The old saying was, “You can have a Model T in any color you want, as long as it’s black.” Ford used black because it was the only color that dried fast enough to keep up with his new assembly line. Other manufacturers were offering automobiles in a variety of colors, so Ford thought he’d better get on board. In 1923, he took five coupes off the end of the production line and had them painted different colors for testing. The burgundy one ended up in the Sturims’ hands in 2021 for refurbishment, not restoration. They got it running and installed new tires on it for the owner, a distant relative of Henry Ford. It was the only one of the five cars to survive.
They worked on a 1950 Ford pickup truck that Melanie Griffith gave to Don Johnson as a gift. They were husband and wife for six months in 1976.
Harrison Ford jumped into an Auburn Speedster in Indiana Jones and the Temple of Doom movie. The Sturim family worked on that car preparing it for the 1984 movie.
A rare 1909 Johnson touring car was repaired by them. The Johnson Service Company of Milwaukee, Wisconsin produced cars and commercial vehicles from 1905-12.
They worked on a Ford V8-powered racecar, an entry for the 1935 Indianapolis 500. This was one of 10 Ford powered cars on hand at the speedway. Four qualified for the race, but mechanical issues forced all of them to retire early.
Besides the interest in older vehicles, Sturim related the history of his building and an item about Ottawa Street.
Dan Raymond opened a Harley Davidson dealership here in 1919. In 1922, he both organized the Muskegon Motorcycle Club and the first hill climb on Mount Garfield, where it continues to this day. Raymond sold the business to Jim Snell in 1958 and it became Snell Harley Davidson. In 2007, Hot-Rod Harley Davidson bought the franchise from Snell and ran their business at this location while their new building was being constructed as short distance away on Shoreline Drive. One of the old H-D signs from the building is on the showroom wall.
Sturim also said “Ottawa Street was once listed in the Guinness Book of World Records for having more gas stations in a one-mile stretch of roadway than anywhere else. I think the number was 18. Now there are none.”

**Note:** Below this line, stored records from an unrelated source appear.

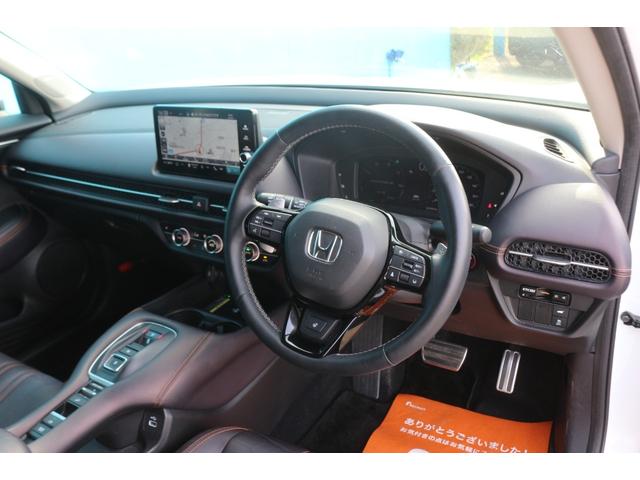 ZR-V e:HEV Z BOSEサウンド/禁煙車/9インチナビ/ワイヤレス充電/全方位カメラ/アダプティブクルーズ/クリアランスソナー/フルレザーシート/シートヒーター/パワーシート/純正18インチAW/ETC2.0(37枚目)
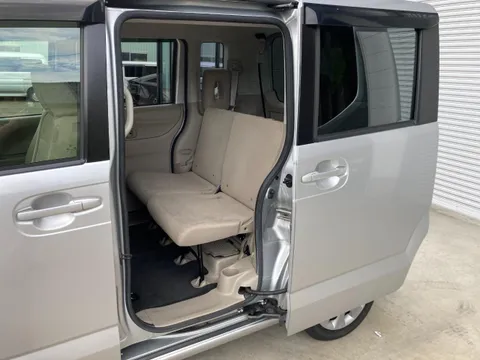 Honda N-BOX Plus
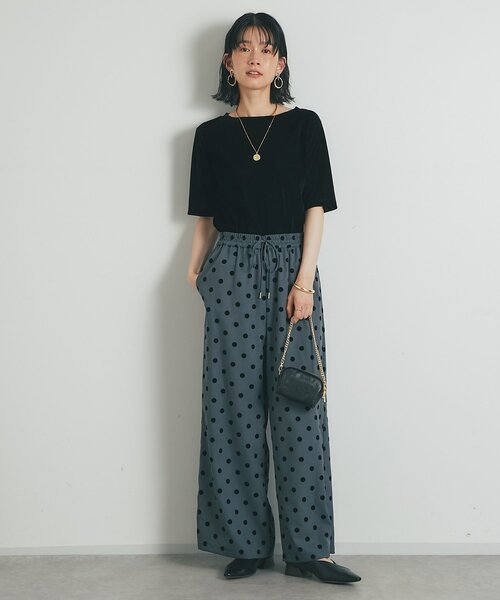 un dix cors（アンディコール）の「《大人可愛い・着映え力抜群◎》ツイルフロッキードットパンツ（チノパンツ・レディース・ブラック/グレー・FREE）」の11枚目の写真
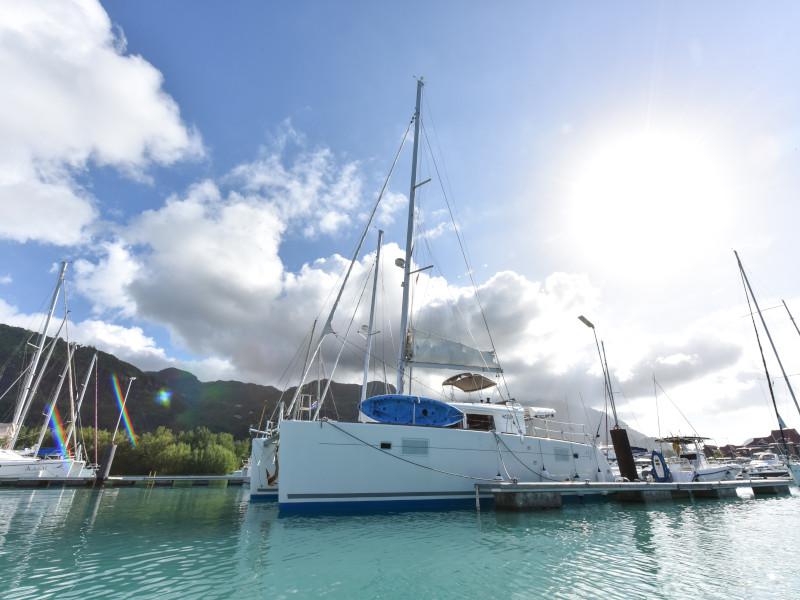Book yachts online - catamaran - Lagoon 450 - Muzikal - rent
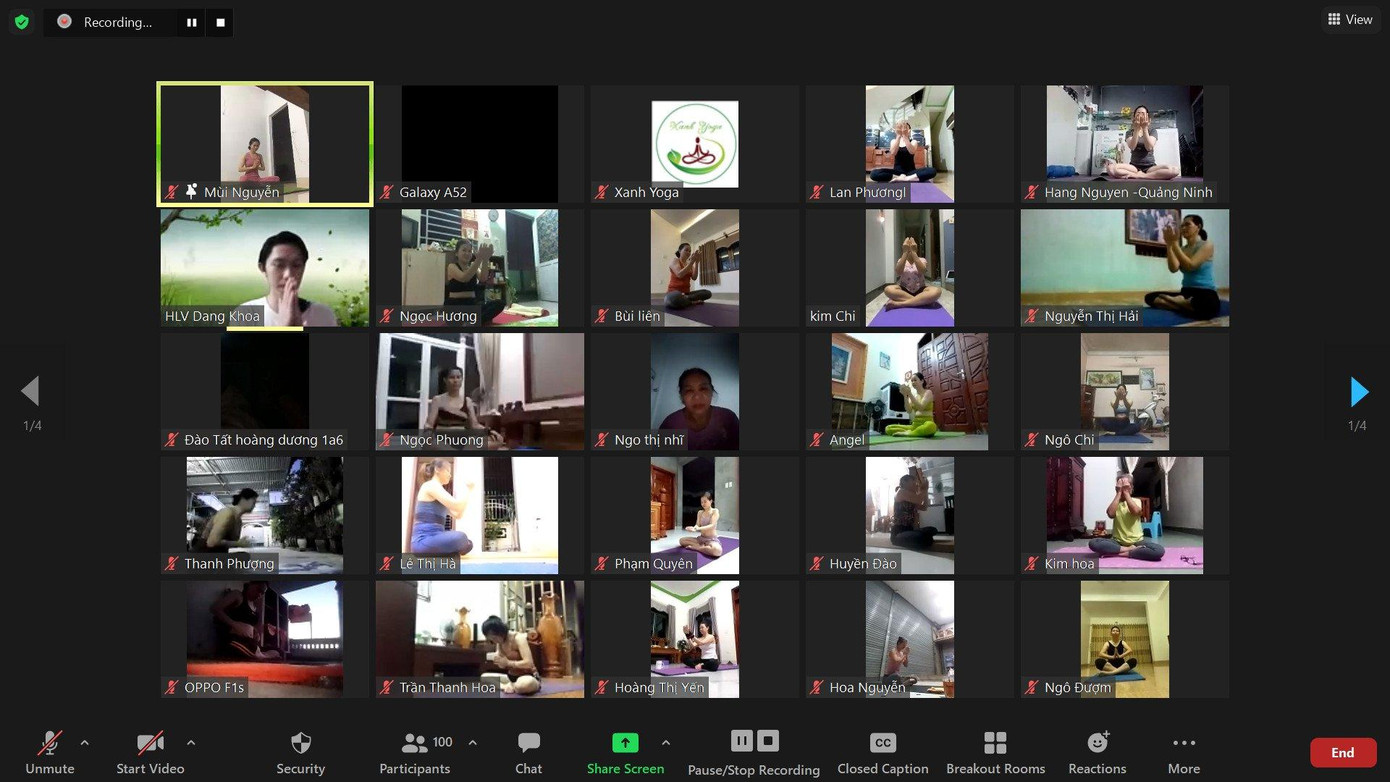Theo Phúc, các học viên chi trả cho lớp học yoga online miễn phí bằng nụ cười và lòng biết ơn.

On a phone call this day, Sturim told a woman his license restricts him from working on her 1977 Corvette, since it was newer than 1972. He then gave her the phone number of a repair shop he recommended. He had a large part in having this specific law enacted by the state of Michigan.
In 1994, an inspector from the Secretary of State’s office came to the shop Steve and Rick were running and told them to be classified as a Master Mechanic, he would have to pass a series of tests to be certified in many different areas. They were working on older cars which did not require training in electronics, fuel injection or computers, for instance, so Steve argued he did not need to train in these areas for the certification.
This led to him speaking with Senator Ken Sikkema about the problem. He then met with a Senate committee in Lansing at the capital. He fielded questions from senators and met with a smaller group to discuss issues. He had to make a second trip to Lansing, but the final result was the Secretary of State being able to issue licenses to people working on 1972 or older vehicles without requiring them to be proficient in subjects they will never encounter. Senator Bill Schuette told him he was glad to see someone as young as he was being active in politics, and thanked him for pointing out a problem they did not know existed.
When Governor John Engler signed the bill into law, in 1994, Sturim was 22 years old.
He no longer has to worry about appearing in congressional hearings, but he still has the spirit to do things the correct way in both auto repair and customer service.
As an authorized dealer for both So-Cal Speed Shop and Mooneyes, he plans to offer retail sales in the future. After repairs are done, he will also have a vintage coin-operated motorcycle ride for youngsters. Older customers can reminisce while looking at memorabilia filled display cases including many items not related to automobiles. A special 1966 Harley-Davidson Sportster is parked in the showroom. It was purchased at this location 57 years ago. The original owner decided it was the perfect spot for the bike and donated it to Sturim.